Answer
$2a^2(\pi-2)$
Work Step by Step
In order to compute the surface area of the upper part of the hemi-sphere, we will have to multiply our answer by $2$.
We have $A(S)=\iint_{D} \sqrt {1+(z_x)^2+(z_y)^2} dA$; $\iint_{D} dA$ is the area of the region $D$ and $D$ is the projection of the surface on the xy-plane.

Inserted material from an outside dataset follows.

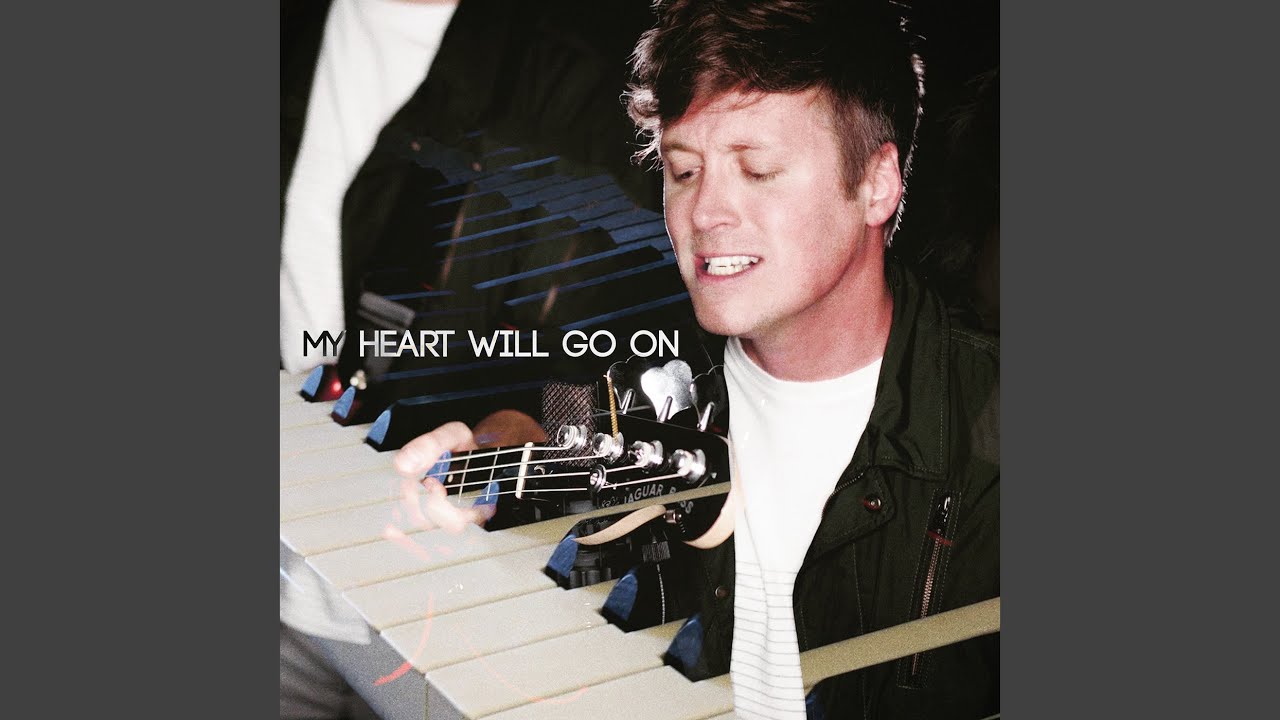 My Heart Will Go On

And the equation of the upper part of the hemi-sphere is $z=\sqrt{a^2-y^2-x^2}$ and the points inside the circle are: $(r, \theta)$
Therefore, $A(S)=\int_{-\pi/2}^{\pi/2} \int_{0}^{\cos \theta} \dfrac{a}{\sqrt {a^2-r^2}} r dr d \theta =\int_{-\pi/2}^{\pi/2} [-a \sqrt {a^2-r^2}]_{0}^{\cos \theta} d \theta $
or, $=2 \int_{0}^{\pi/2} a^2-a^2 \sin \theta d\theta $
or, $=2a^2 [\theta+\cos \theta]_0^{\pi/2}$
Thus, the total area is:
$S_{A}=2 \times a^2(\pi-2)=2a^2(\pi-2)$